# Anyone have long-finned females?



## Seki (Jul 10, 2012)

I was in Petco today while my books were being processed at the bookstore next door. They had just gotten a shipment of bettas in and the females were... whoa. I originally assumed they had put the wrong lids on cups of males, but... I examined the girls more closely and they definitely had ovipositors and more of a female body shape, even if their fins screamed MALE to me. They were HUGE, though, and their fins were nearly as long and flowy as my male's fins! All of these huge girls were veiltails.

I am very seriously considering going back and getting one, although part of me is wondering if that is asking for trouble in my sorority. But anyway... has anyone ever seen or does anyone have any long-finned females? I am very curious if they look like the "girls" I saw at Petco. Could I see pictures? ^_^


----------



## Seki (Jul 10, 2012)

No one has any?  Guess I'll have to go buy a girl or two so you guys can see! They are seriously the coolest looking females ever... I would have sworn they were males, but they had the ovipositor and a slightly different body shape! They wouldn't be, like, hermaphrodites, would they?


----------



## Deanna01 (Apr 22, 2013)

Almost all of my girls are long-finned. I have pics of some of them in the Planted Tanks thread: http://www.bettafish.com/showthread.php?t=212249


----------



## Deanna01 (Apr 22, 2013)

This is the Aquabid pic of my longest-finned female... (Who just BIT me, btw!)


----------



## Seki (Jul 10, 2012)

Oooh, they are so pretty!! I would love some HM females, but all but one of my girls are VT.

The females I saw had even longer fins, though. I think I've decided to get at least one, so I'll post pictures once I do! You guys will seriously be amazed at how long these fins are... If I could stock my entire sorority with these kinds of girls, I would! It would look like a bunch of males cohabiting peacefully, no joke!
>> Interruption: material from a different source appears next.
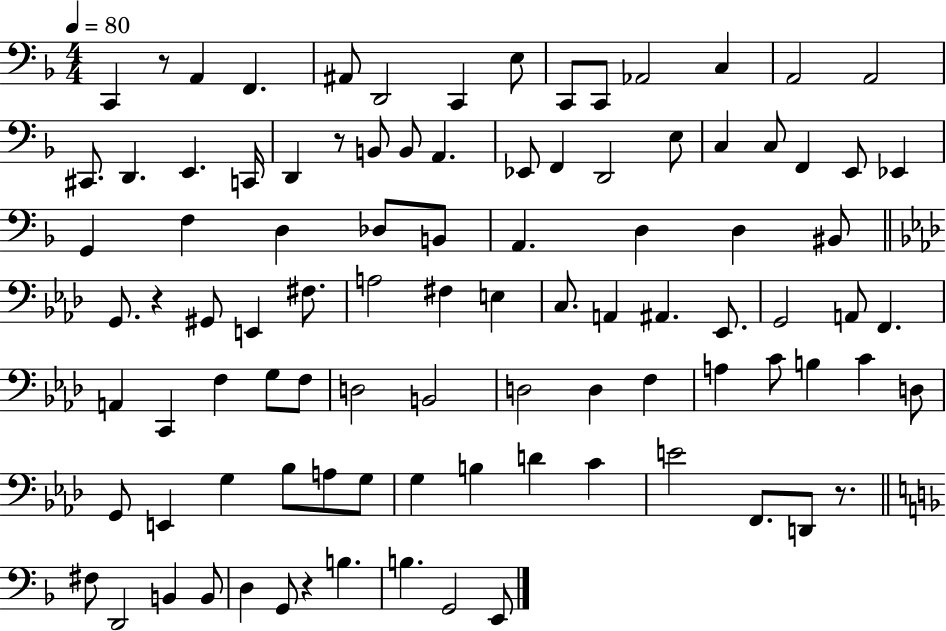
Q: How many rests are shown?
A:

ETA: They are all VT, so maybe their fins only look longer because of the signature drooping look. We'll see! I don't have time to get any today (gotta work), but I'll head down tomorrow and grab up one or two. If they're still there, that is!


----------



## Deanna01 (Apr 22, 2013)

Oh, you definitely should get at least one or two, then! They must be gorgeous!


----------



## Emparios (Jun 20, 2013)

I hope they're still there, I'd love to see pictures of them ^-^


----------



## Skyewillow (Dec 28, 2012)

Mnemosyne has longer fins


Willow (yellow) is long finned too.


----------



## Seki (Jul 10, 2012)

They are gorgeous, Skyewillow!! These girls had outrageously long fins, though. This is just a picture I snagged off of a google search, but the fins were seriously this long! With shorter ventrals, though... this picture is a male, I know. But it's just a reference.


----------



## Skyewillow (Dec 28, 2012)

That's how Willow's fins look, and if I couldn't see her ovaries through her body, I'd be convinced that she was a boy with an "ovipositor". I wish I had better pictures of her fins.


----------



## Fenghuang (Dec 28, 2012)

This was an Aquastar71 female that was up on Aquabid a while back.
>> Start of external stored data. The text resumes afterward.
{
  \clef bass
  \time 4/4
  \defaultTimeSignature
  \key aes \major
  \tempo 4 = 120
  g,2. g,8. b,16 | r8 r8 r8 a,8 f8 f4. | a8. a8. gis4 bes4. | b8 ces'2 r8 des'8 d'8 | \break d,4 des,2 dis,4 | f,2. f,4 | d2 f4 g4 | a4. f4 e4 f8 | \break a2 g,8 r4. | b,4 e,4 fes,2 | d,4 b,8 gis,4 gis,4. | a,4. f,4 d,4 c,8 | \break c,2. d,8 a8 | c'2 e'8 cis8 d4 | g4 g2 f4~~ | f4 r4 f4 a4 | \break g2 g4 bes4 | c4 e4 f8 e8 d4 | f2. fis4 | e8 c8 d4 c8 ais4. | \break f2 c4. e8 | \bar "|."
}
This is our long finned VT girl:


----------



## Seki (Jul 10, 2012)

These girls are all so pretty!! I'm going to pick up at least one girl tomorrow (possibly two... I'm so bad) so I'll have pics for you guys then! You will seriously be amazed... they look MALE, honestly, except... they're not hahaha.
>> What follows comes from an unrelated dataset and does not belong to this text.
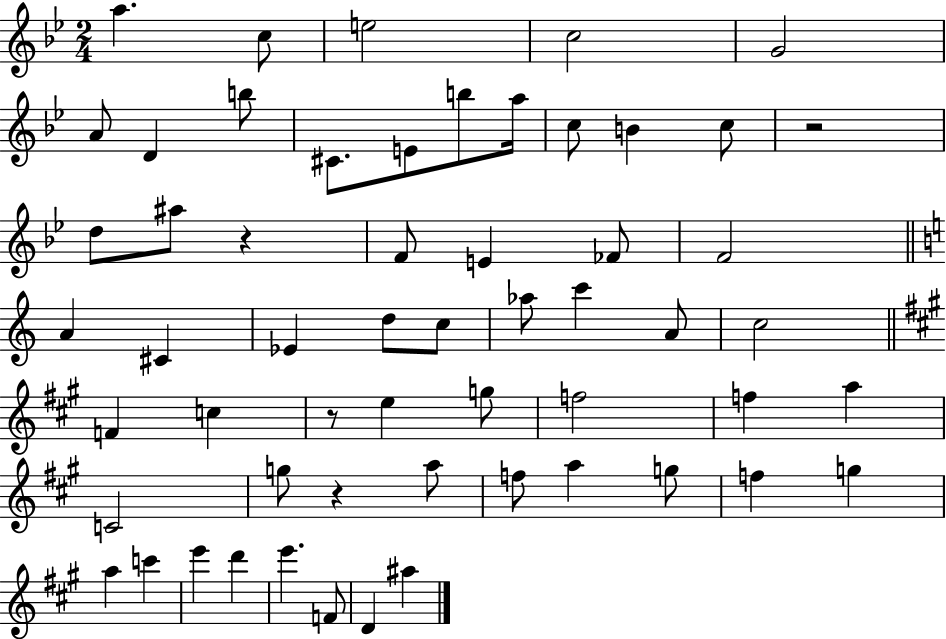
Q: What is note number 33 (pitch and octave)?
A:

I also might be bringing home this gorgeous HMDT I saw but I swear I don't have a problem... >.>


----------



## lilnaugrim (Mar 27, 2013)

I've got a few, they're not like super long like that male you posted but sometimes I wonder lol

Here's my AB girl (who I'm thinking of calling either Lynx or Solarr)


Mystique has longer fins than most my girls but she's also huge...that's Cherry for size comparison lol


And the girl I question ALL the time, I mean, look at those ventral fins!! But you can see her ovaries so I'm calmed by that, but I still wonder XD


Better picture of Mystique when she flare's


----------



## Seki (Jul 10, 2012)

lilnaugrim, it amazes me how much my girls look like your girls hahaha. I'm all looking at your girls like "There's Kira... there's Kitkat... there's Hime" hahahaha

Yeah, I can't wait to show you guys the girl(s) I get tomorrow! You're all gonna be amazed, seriously~


----------



## jesssan2442 (Feb 19, 2013)

I don't have any long fins, but I'm gonna watch this thread to see the girl/s you'll be getting!! I'm sure they'll be super stunning!!


----------



## lilnaugrim (Mar 27, 2013)

Haha I know Seki XD great minds think alike though, right? ;-)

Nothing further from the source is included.